▶ [Requirement]:
Copy exactly. Begin at the line containing "Magicne andrzejki w bibliotece w Tyliczu" and stop at the last line of the entries, omitting any pictures.
(Provided material Opens)
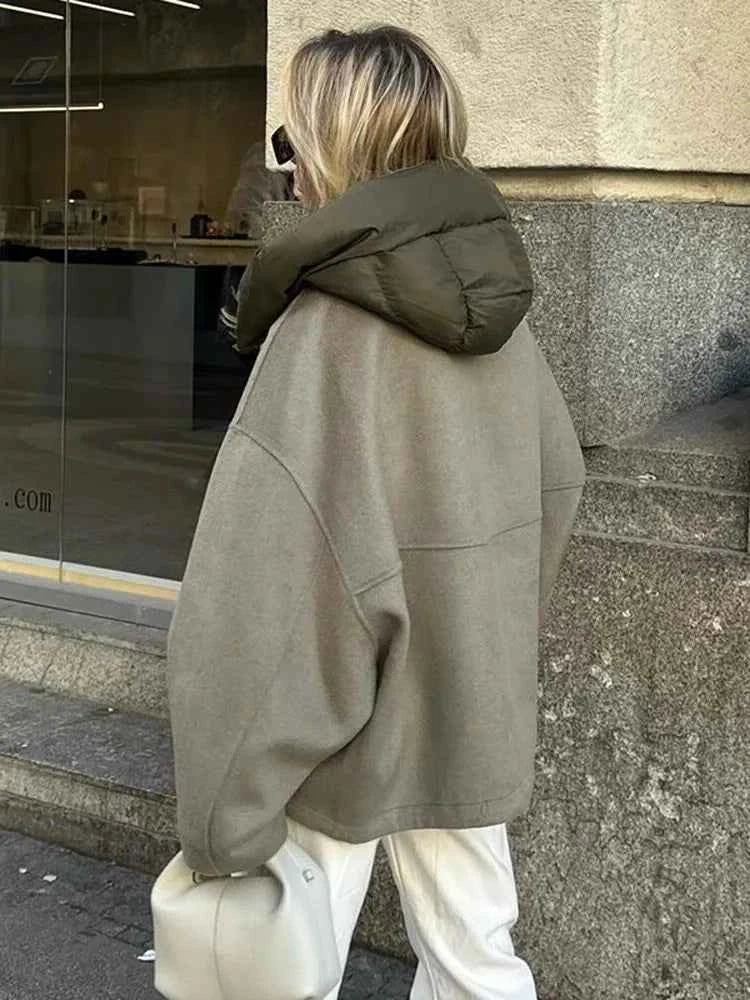 Gemütliche Übergröße Steppjacke mit Kapuze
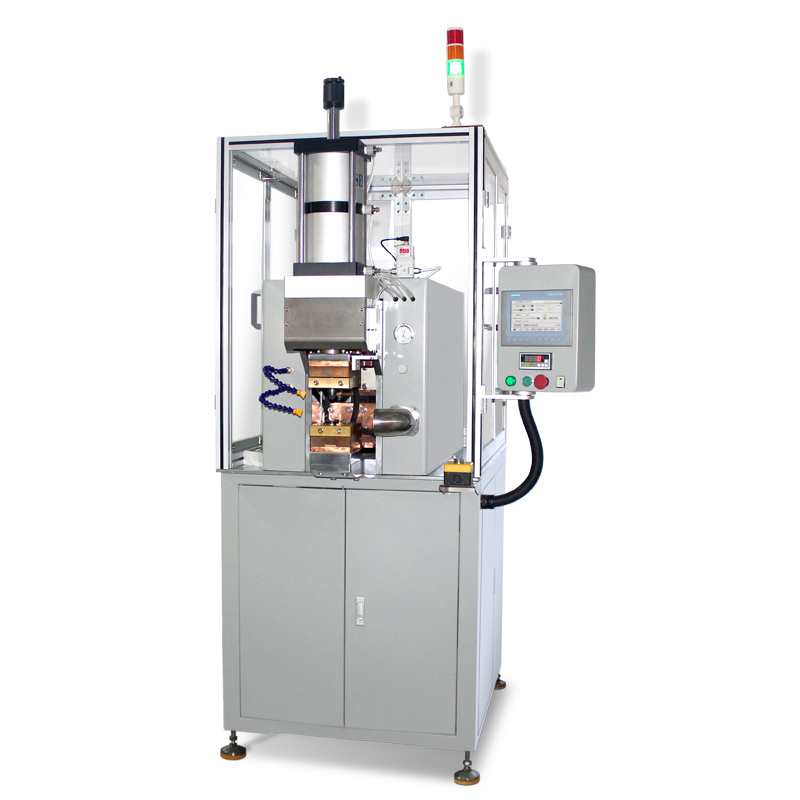 三相電機引出線電阻焊接案例:汽車領域應用優勢 - 新聞動態 - 2 40000A中頻焊接機,用于電機引出線焊接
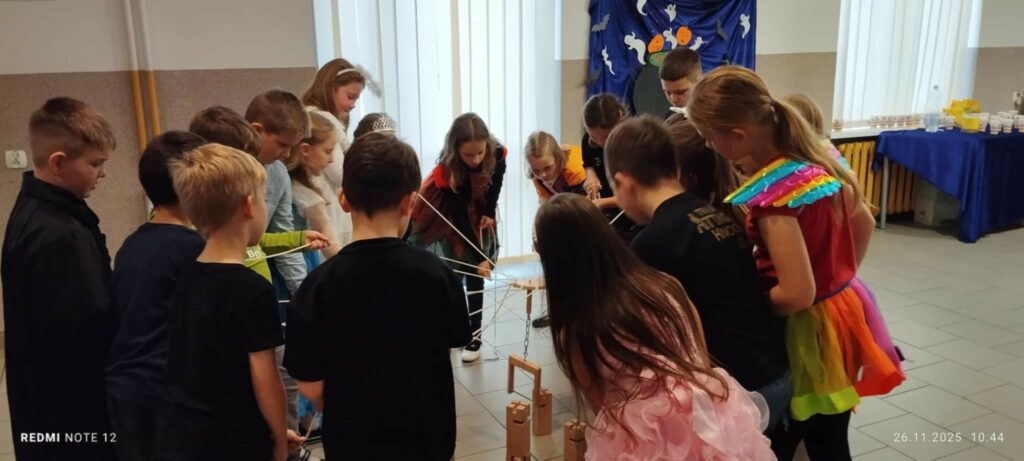 Magicne andrzejki w bibliotece w Tyliczu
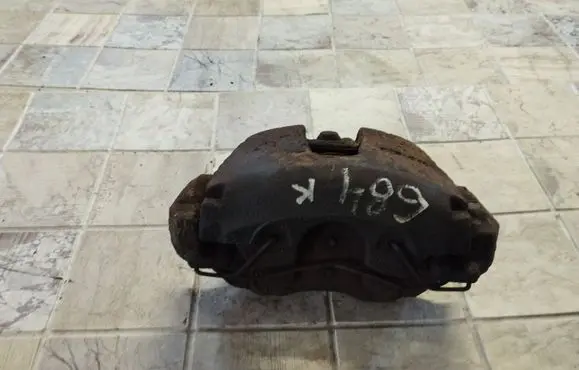 Mazda 3 I Front brake caliper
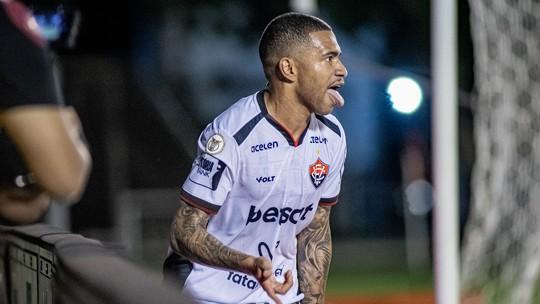 Vitória Renova Lucas Esteves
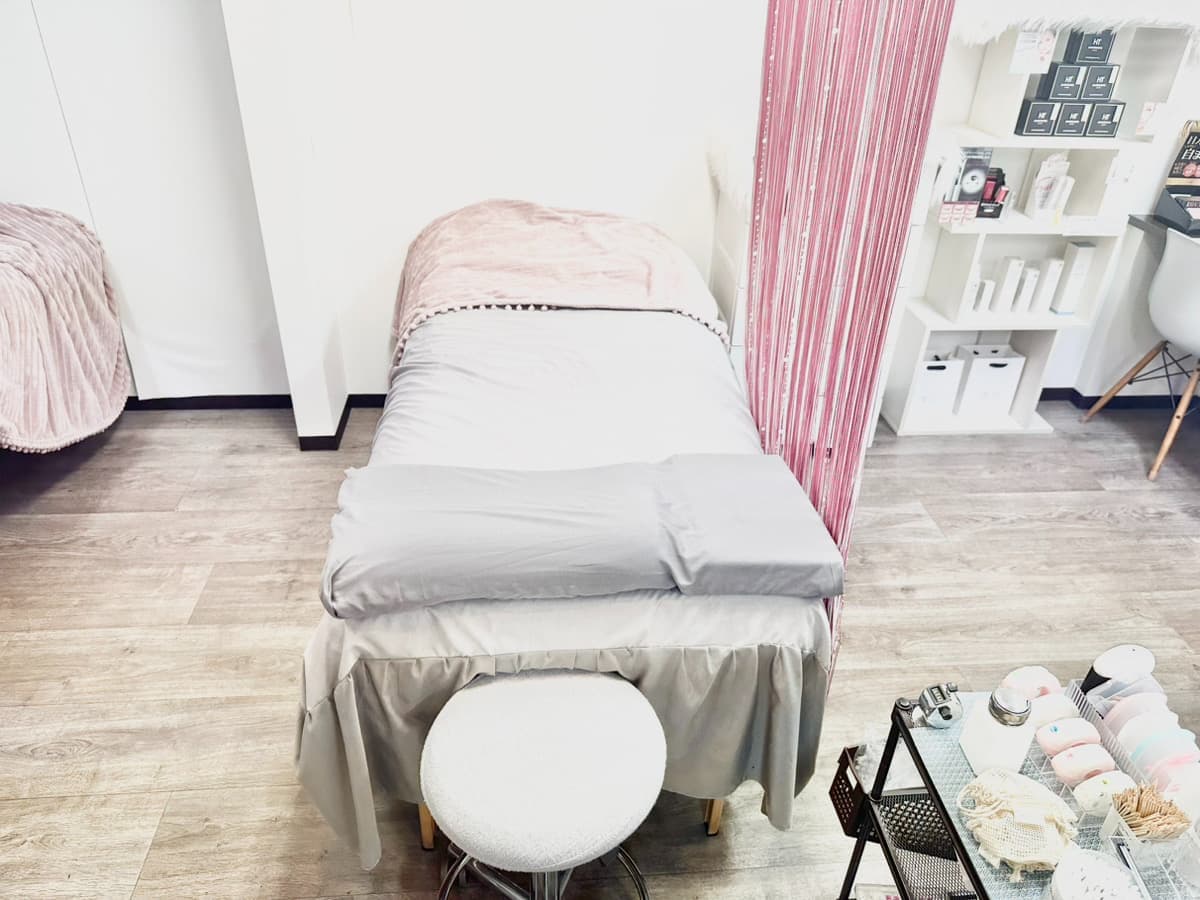 【烏丸駅/四条駅徒歩1分】≪女性限定≫備品充実のプライベートサロンが私のサロンに。エステ・美容・セラピーに【マツエクスペース2】minoriba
(Provided material Closes)
▶ [Solved problem]:
 Magicne andrzejki w bibliotece w Tyliczu
 Mazda 3 I Front brake caliper
 Vitória Renova Lucas Esteves
 【烏丸駅/四条駅徒歩1分】≪女性限定≫備品充実のプライベートサロンが私のサロンに。エステ・美容・セラピーに【マツエクスペース2】minoriba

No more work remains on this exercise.